All lines below between the line with "JACKJONES JPSTBOWIE JJSHORTS SOLID SA SN" and the line with "Hip-Hop / Latin", including both, must be copied exactly, and the pictures must be omitted.

* _PROVIDED MATERIAL_
↓

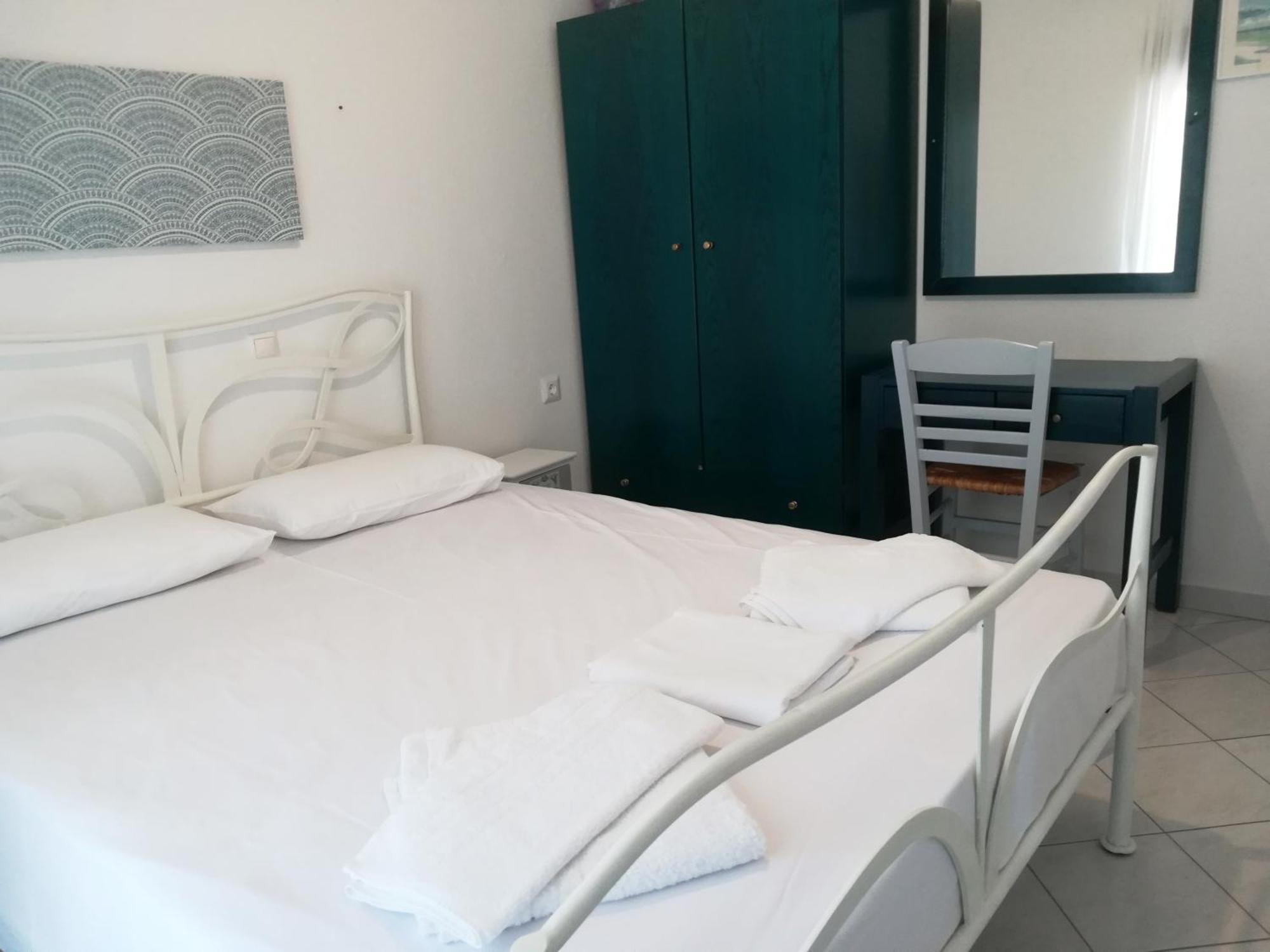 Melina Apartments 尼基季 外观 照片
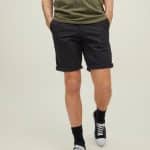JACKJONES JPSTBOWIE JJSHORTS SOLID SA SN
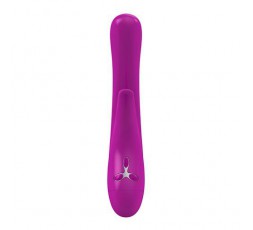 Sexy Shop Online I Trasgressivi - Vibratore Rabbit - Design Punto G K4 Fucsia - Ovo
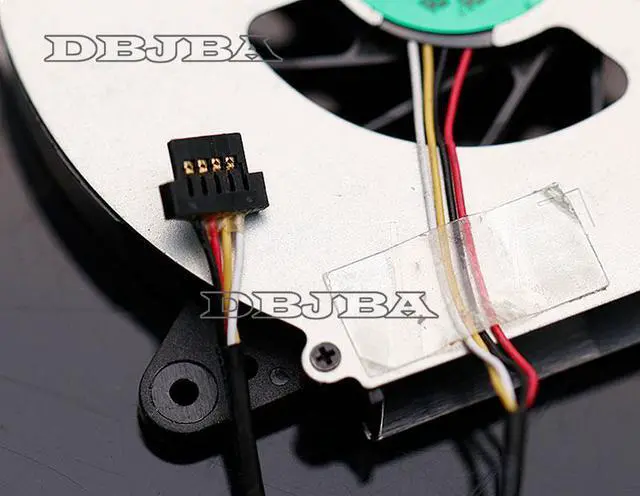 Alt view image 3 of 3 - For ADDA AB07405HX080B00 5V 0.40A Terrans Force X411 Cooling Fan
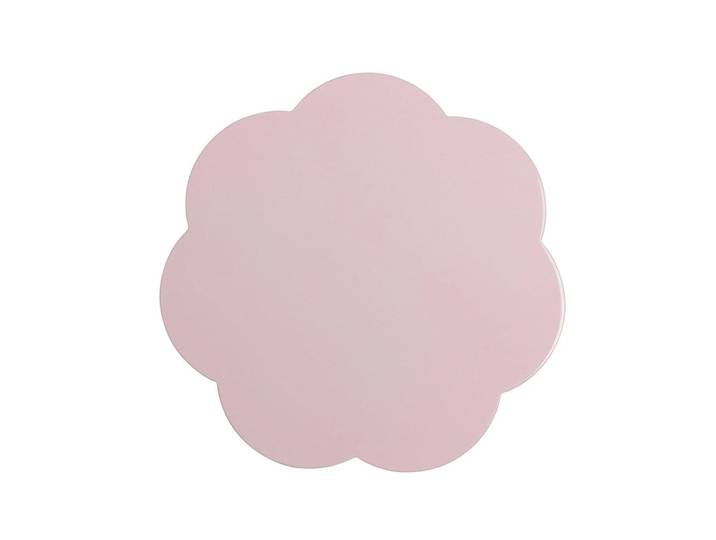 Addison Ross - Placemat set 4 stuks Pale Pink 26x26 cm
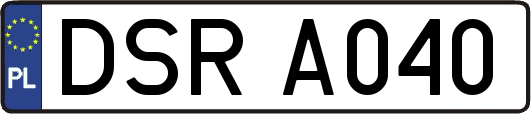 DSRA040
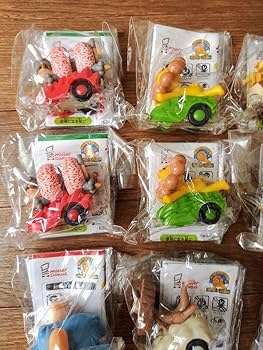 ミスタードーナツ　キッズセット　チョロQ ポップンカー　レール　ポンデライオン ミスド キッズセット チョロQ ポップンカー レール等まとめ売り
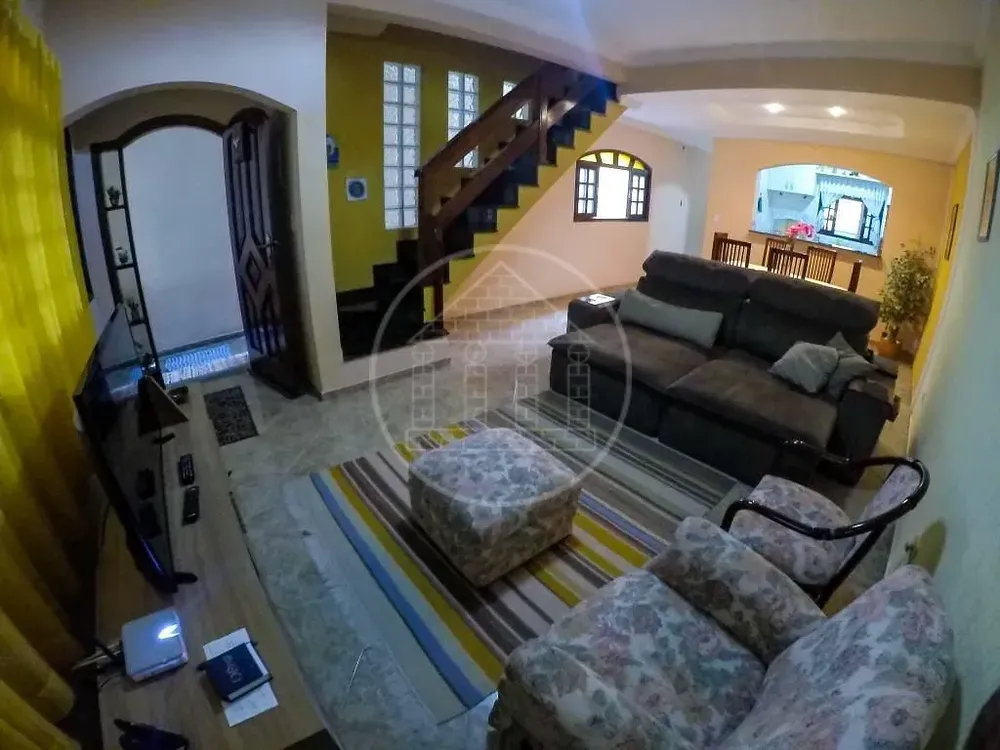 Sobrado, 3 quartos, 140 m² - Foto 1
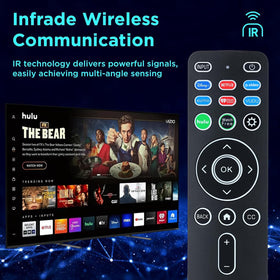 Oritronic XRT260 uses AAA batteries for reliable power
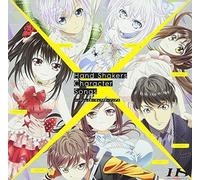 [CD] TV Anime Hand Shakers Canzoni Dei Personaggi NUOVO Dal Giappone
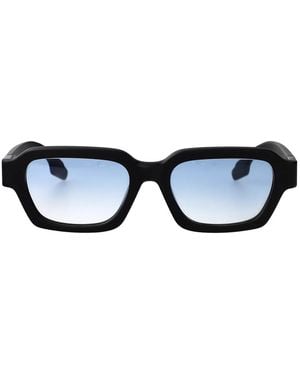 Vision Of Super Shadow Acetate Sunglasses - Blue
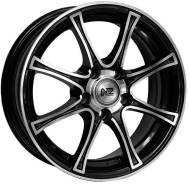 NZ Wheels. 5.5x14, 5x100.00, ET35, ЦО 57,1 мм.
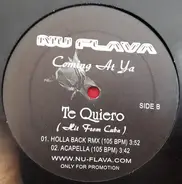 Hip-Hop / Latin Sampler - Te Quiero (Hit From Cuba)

↑
↓

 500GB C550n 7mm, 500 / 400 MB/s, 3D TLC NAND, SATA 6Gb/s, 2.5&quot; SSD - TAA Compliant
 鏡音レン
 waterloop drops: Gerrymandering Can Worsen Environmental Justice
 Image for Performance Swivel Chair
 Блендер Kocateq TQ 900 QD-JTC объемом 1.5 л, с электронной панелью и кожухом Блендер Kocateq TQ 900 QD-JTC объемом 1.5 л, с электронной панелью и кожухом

↑

* _TASK SOLUTION_
JACKJONES JPSTBOWIE JJSHORTS SOLID SA SN
 Sexy Shop Online I Trasgressivi - Vibratore Rabbit - Design Punto G K4 Fucsia - Ovo
 Alt view image 3 of 3 - For ADDA AB07405HX080B00 5V 0.40A Terrans Force X411 Cooling Fan
 Addison Ross - Placemat set 4 stuks Pale Pink 26x26 cm
 DSRA040
 ミスタードーナツ　キッズセット　チョロQ ポップンカー　レール　ポンデライオン ミスド キッズセット チョロQ ポップンカー レール等まとめ売り
 Sobrado, 3 quartos, 140 m² - Foto 1
 Oritronic XRT260 uses AAA batteries for reliable power
 [CD] TV Anime Hand Shakers Canzoni Dei Personaggi NUOVO Dal Giappone
 Vision Of Super Shadow Acetate Sunglasses - Blue
 NZ Wheels. 5.5x14, 5x100.00, ET35, ЦО 57,1 мм.
 Hip-Hop / Latin Sampler - Te Quiero (Hit From Cuba)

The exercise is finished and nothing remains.